Opened 3 months ago

Last modified 3 months ago

#27416 new defect

Automatc tickets for malformed descriptors

Reported by: teor Owned by: atagar
Priority: Medium Milestone: Tor: unspecified
Component: Core Tor/DocTor Version:
Severity: Normal Keywords: tor-dirauth
Cc: atagar Actual Points:
Parent ID: Points:
Reviewer: Sponsor:

Description

Continuing from https://trac.torproject.org/projects/tor/ticket/27367?replyto=14#comment:14

Replying to atagar:

Related a few past tickets where this has bitten us.

I moved these tickets to #27414, because relays should do the UTF-8 check before they upload.

But the UTF-8 check won't be enough to catch all parsing errors, so I opened #27415 so that relays parse descriptors before they upload them.
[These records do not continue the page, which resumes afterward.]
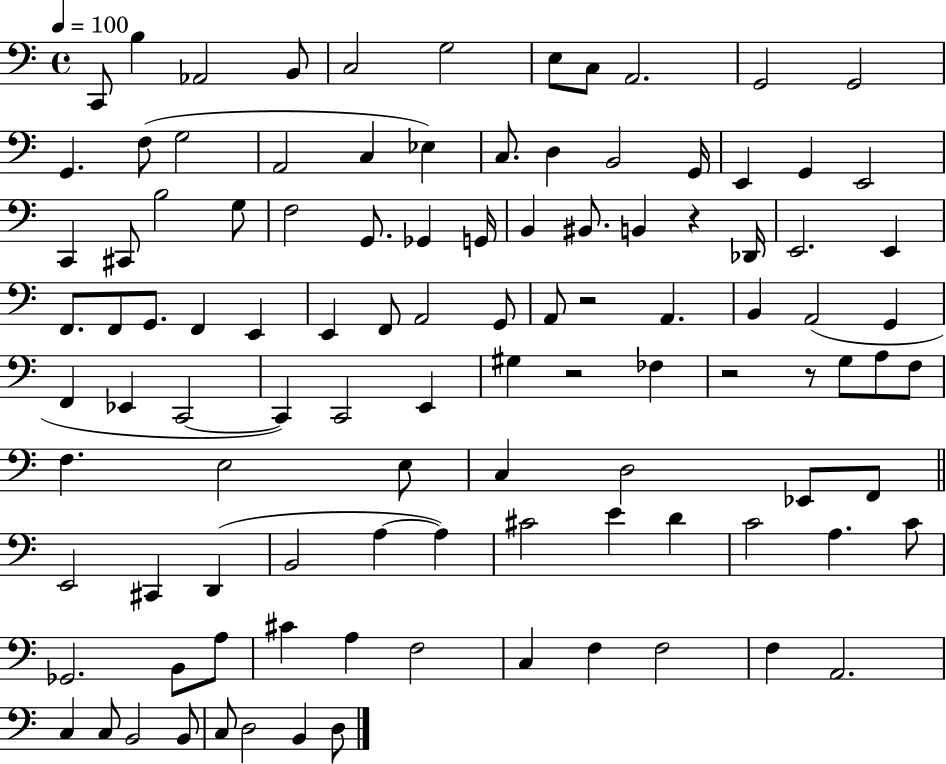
X:1
T:Untitled
M:4/4
L:1/4
K:C
C,,/2 B, _A,,2 B,,/2 C,2 G,2 E,/2 C,/2 A,,2 G,,2 G,,2 G,, F,/2 G,2 A,,2 C, _E, C,/2 D, B,,2 G,,/4 E,, G,, E,,2 C,, ^C,,/2 B,2 G,/2 F,2 G,,/2 _G,, G,,/4 B,, ^B,,/2 B,, z _D,,/4 E,,2 E,, F,,/2 F,,/2 G,,/2 F,, E,, E,, F,,/2 A,,2 G,,/2 A,,/2 z2 A,, B,, A,,2 G,, F,, _E,, C,,2 C,, C,,2 E,, ^G, z2 _F, z2 z/2 G,/2 A,/2 F,/2 F, E,2 E,/2 C, D,2 _E,,/2 F,,/2 E,,2 ^C,, D,, B,,2 A, A, ^C2 E D C2 A, C/2 _G,,2 B,,/2 A,/2 ^C A, F,2 C, F, F,2 F, A,,2 C, C,/2 B,,2 B,,/2 C,/2 D,2 B,, D,/2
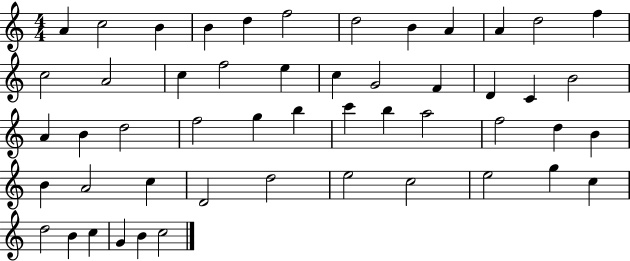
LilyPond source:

{
  \clef treble
  \numericTimeSignature
  \time 4/4
  \key c \major
  a'4 c''2 b'4 | b'4 d''4 f''2 | d''2 b'4 a'4 | a'4 d''2 f''4 | \break c''2 a'2 | c''4 f''2 e''4 | c''4 g'2 f'4 | d'4 c'4 b'2 | \break a'4 b'4 d''2 | f''2 g''4 b''4 | c'''4 b''4 a''2 | f''2 d''4 b'4 | \break b'4 a'2 c''4 | d'2 d''2 | e''2 c''2 | e''2 g''4 c''4 | \break d''2 b'4 c''4 | g'4 b'4 c''2 | \bar "|."
}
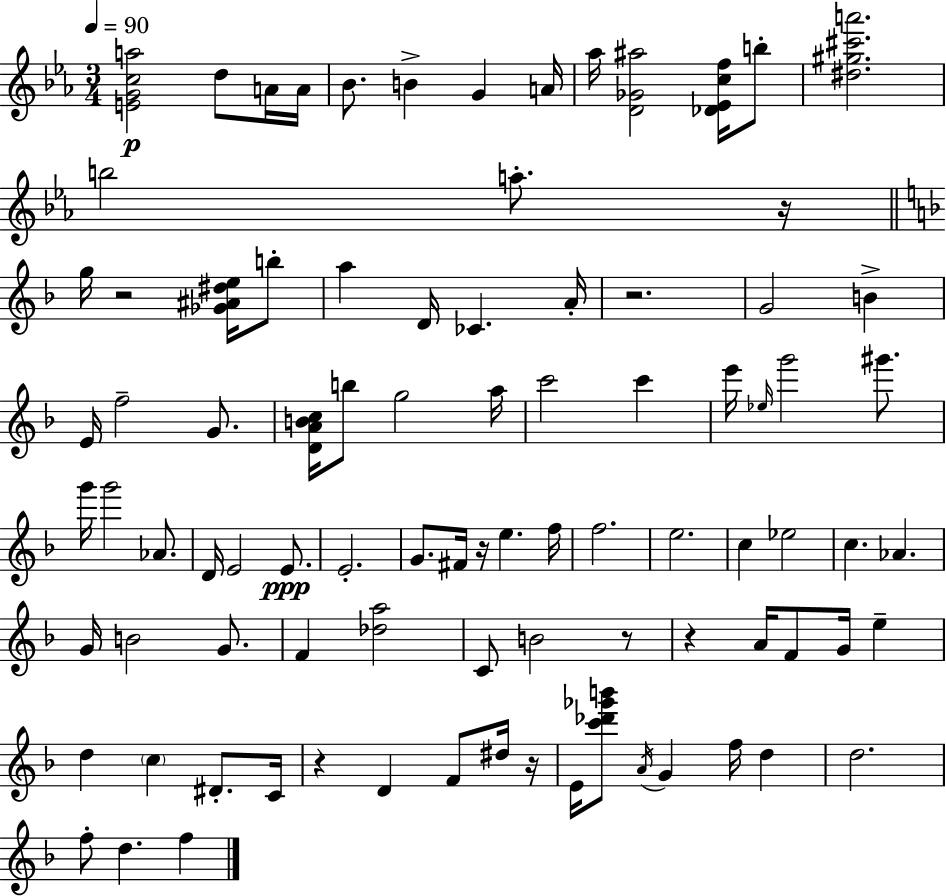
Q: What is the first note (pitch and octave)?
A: D5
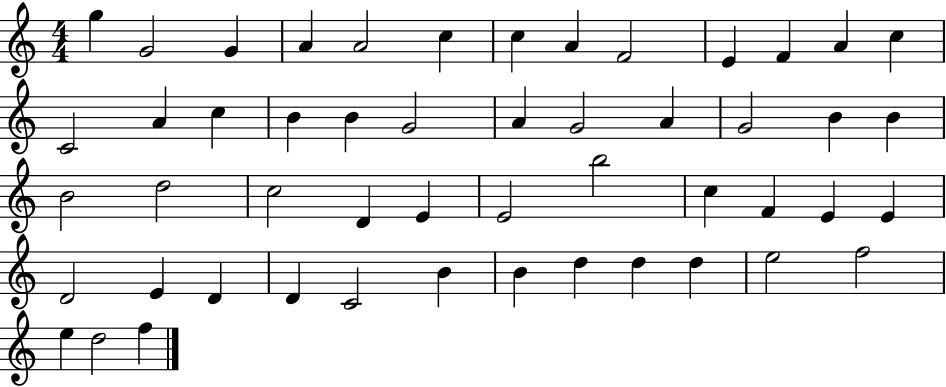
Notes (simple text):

G5/q G4/h G4/q A4/q A4/h C5/q C5/q A4/q F4/h E4/q F4/q A4/q C5/q C4/h A4/q C5/q B4/q B4/q G4/h A4/q G4/h A4/q G4/h B4/q B4/q B4/h D5/h C5/h D4/q E4/q E4/h B5/h C5/q F4/q E4/q E4/q D4/h E4/q D4/q D4/q C4/h B4/q B4/q D5/q D5/q D5/q E5/h F5/h E5/q D5/h F5/q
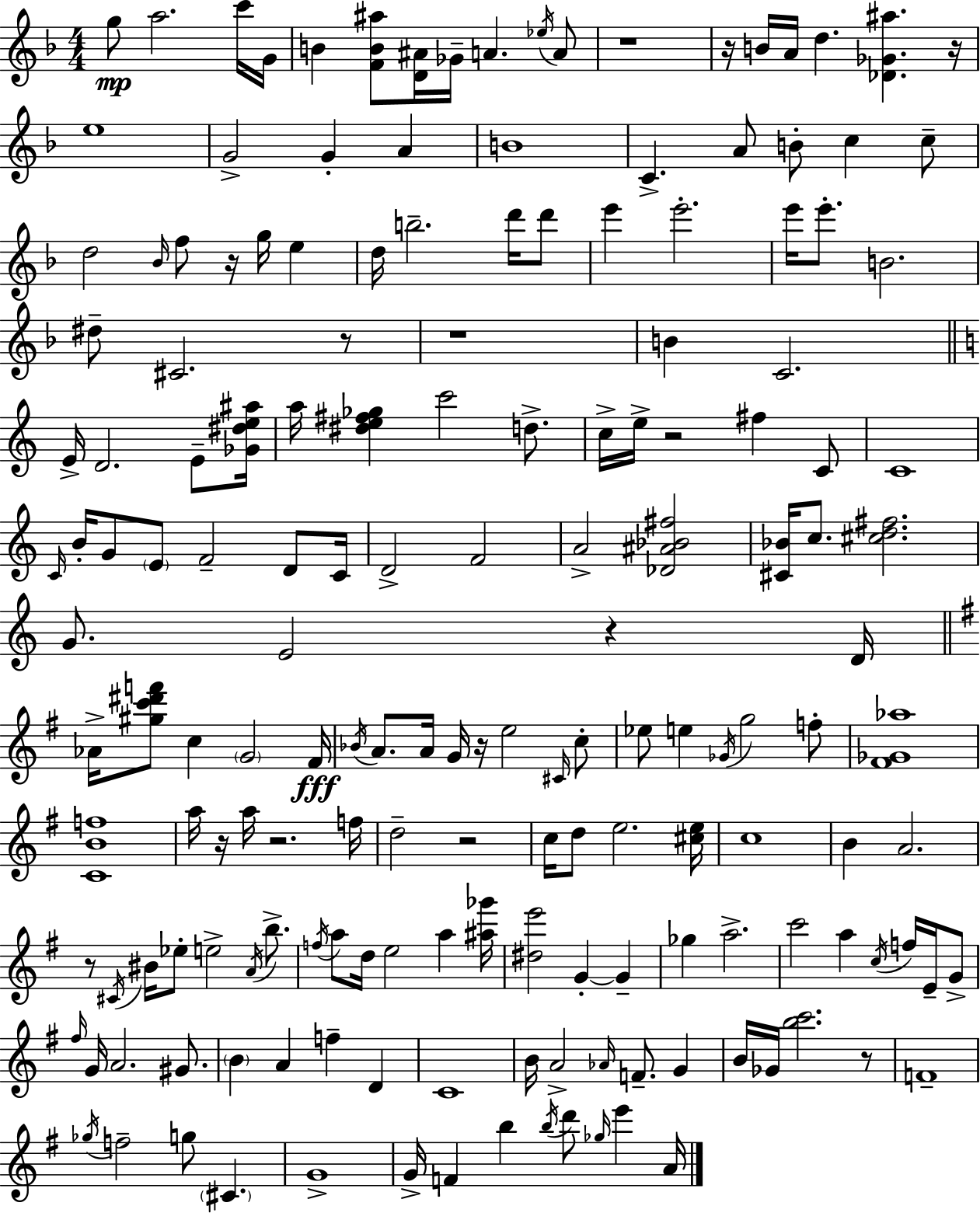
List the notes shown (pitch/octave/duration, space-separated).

G5/e A5/h. C6/s G4/s B4/q [F4,B4,A#5]/e [D4,A#4]/s Gb4/s A4/q. Eb5/s A4/e R/w R/s B4/s A4/s D5/q. [Db4,Gb4,A#5]/q. R/s E5/w G4/h G4/q A4/q B4/w C4/q. A4/e B4/e C5/q C5/e D5/h Bb4/s F5/e R/s G5/s E5/q D5/s B5/h. D6/s D6/e E6/q E6/h. E6/s E6/e. B4/h. D#5/e C#4/h. R/e R/w B4/q C4/h. E4/s D4/h. E4/e [Gb4,D#5,E5,A#5]/s A5/s [D#5,E5,F#5,Gb5]/q C6/h D5/e. C5/s E5/s R/h F#5/q C4/e C4/w C4/s B4/s G4/e E4/e F4/h D4/e C4/s D4/h F4/h A4/h [Db4,A#4,Bb4,F#5]/h [C#4,Bb4]/s C5/e. [C#5,D5,F#5]/h. G4/e. E4/h R/q D4/s Ab4/s [G#5,C6,D#6,F6]/e C5/q G4/h F#4/s Bb4/s A4/e. A4/s G4/s R/s E5/h C#4/s C5/e Eb5/e E5/q Gb4/s G5/h F5/e [F#4,Gb4,Ab5]/w [C4,B4,F5]/w A5/s R/s A5/s R/h. F5/s D5/h R/h C5/s D5/e E5/h. [C#5,E5]/s C5/w B4/q A4/h. R/e C#4/s BIS4/s Eb5/e E5/h A4/s B5/e. F5/s A5/e D5/s E5/h A5/q [A#5,Gb6]/s [D#5,E6]/h G4/q G4/q Gb5/q A5/h. C6/h A5/q C5/s F5/s E4/s G4/e F#5/s G4/s A4/h. G#4/e. B4/q A4/q F5/q D4/q C4/w B4/s A4/h Ab4/s F4/e. G4/q B4/s Gb4/s [B5,C6]/h. R/e F4/w Gb5/s F5/h G5/e C#4/q. G4/w G4/s F4/q B5/q B5/s D6/e Gb5/s E6/q A4/s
But the parsing check *still* won't be enough to catch all spec-implementation divergences. And that's ok. Sometimes we fix the spec, sometimes with fix tor, and sometimes we fix other parsers.
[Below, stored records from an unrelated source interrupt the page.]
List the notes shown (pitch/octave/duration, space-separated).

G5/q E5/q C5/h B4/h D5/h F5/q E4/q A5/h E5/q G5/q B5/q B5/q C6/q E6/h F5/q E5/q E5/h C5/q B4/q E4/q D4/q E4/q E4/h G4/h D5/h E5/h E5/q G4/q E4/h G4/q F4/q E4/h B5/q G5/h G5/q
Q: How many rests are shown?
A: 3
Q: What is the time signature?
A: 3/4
Just a quick note that dirauths could use Stem as a tool for rejecting malformed content. It does stricter validation than the tor binary that descriptors are conformant with the spec. I've been performing this check through DocTor since 2013, filing tickets each time more bad data makes it into the consensus...

https://gitweb.torproject.org/doctor.git/tree/descriptor_checker.py

Bad data chokes not only Stem, but metrics-lib and anything else that ingests it.
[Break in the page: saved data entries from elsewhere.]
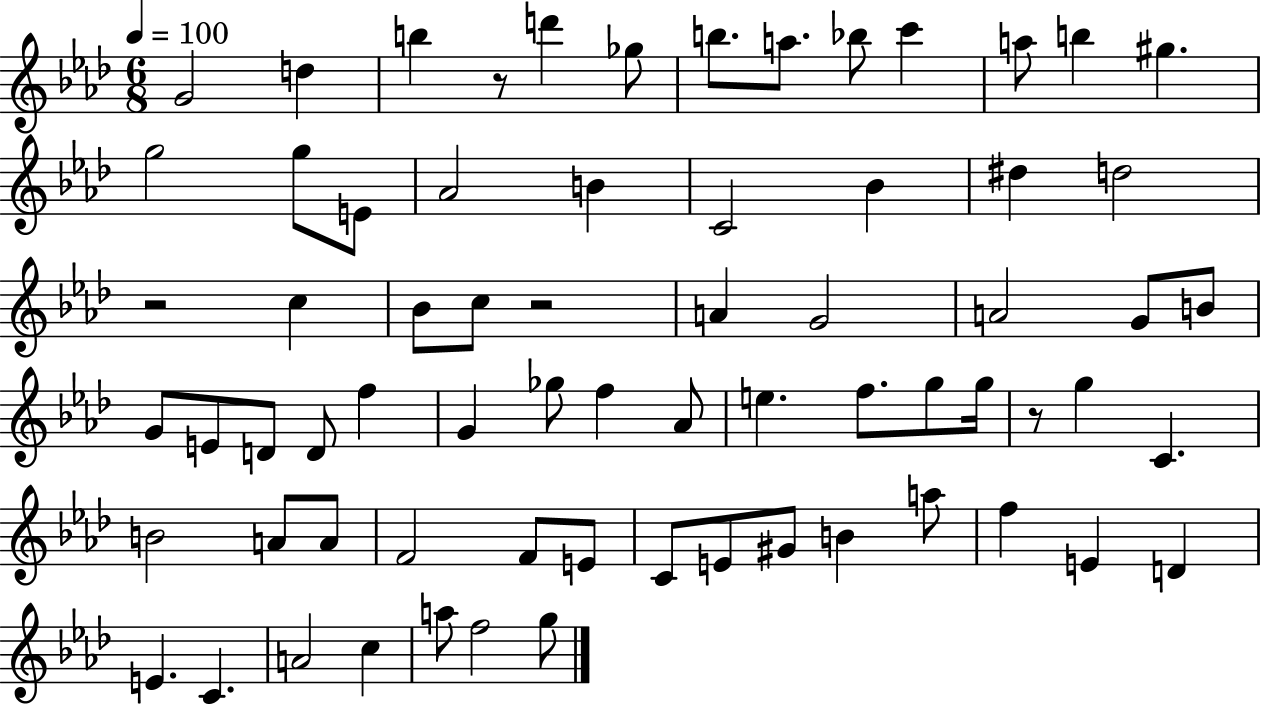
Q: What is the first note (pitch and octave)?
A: G4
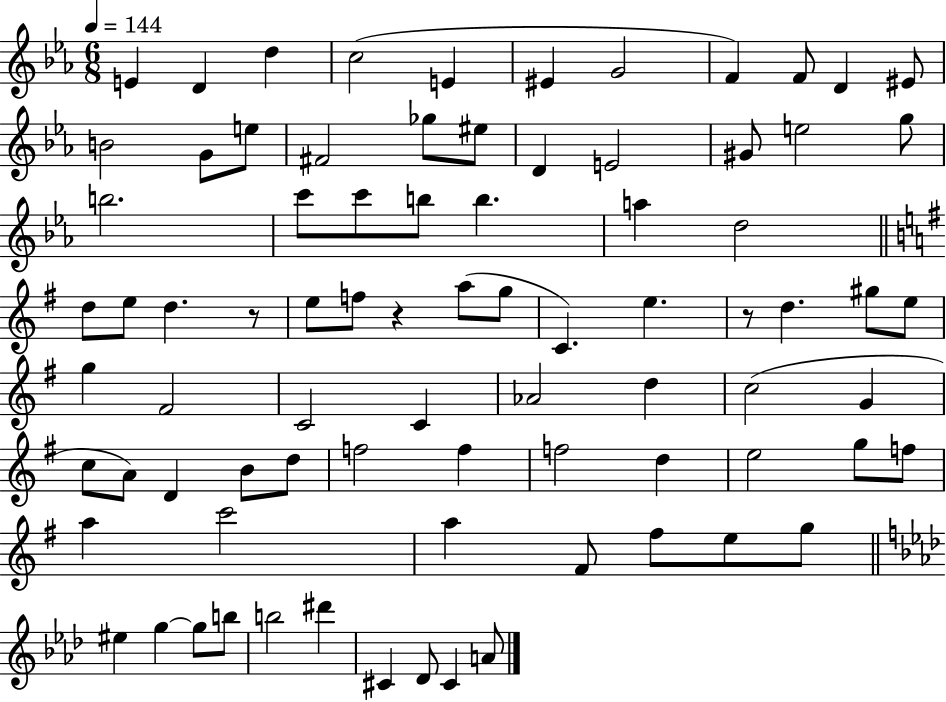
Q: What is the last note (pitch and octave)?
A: A4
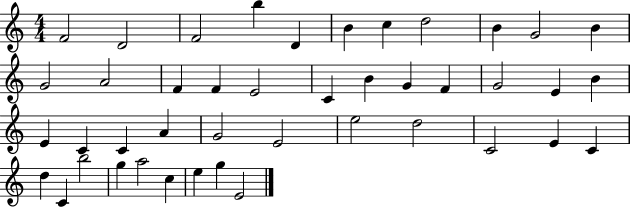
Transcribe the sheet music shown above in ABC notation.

X:1
T:Untitled
M:4/4
L:1/4
K:C
F2 D2 F2 b D B c d2 B G2 B G2 A2 F F E2 C B G F G2 E B E C C A G2 E2 e2 d2 C2 E C d C b2 g a2 c e g E2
Clearly in an ideal world the tor binary itself would do better validation

See the tickets I opened and listed above. I think that's a reasonable amount of validation for the tor binary to do.

In an ideal world, all implementations and the spec would match. When there's a difference, we need to decide what to fix. That's not something we can automate.

but in the absence of that if we took advantage of Stem's validator I wouldn't need to keep filing tickets every few months. Using Stem on dirauths to reject malformed descriptors would prevent these issues upfront, saving Karsten and I hassle.

Running stem as an essential part of dirauth operation is a significant change in tor's security model. It would require a proposal.

It's also a significant change to the consistency of tor's parsing. At the moment, tor uses the same parser and validator for:

  • descriptors via authorities
  • descriptors direct to bridge clients
  • onion service descriptors

If that's a no-go I could also redirect the DocTor check I mention above to email other folks (Nick? teor? Maybe the network team list?) so I don't need to file tickets each time this comes up.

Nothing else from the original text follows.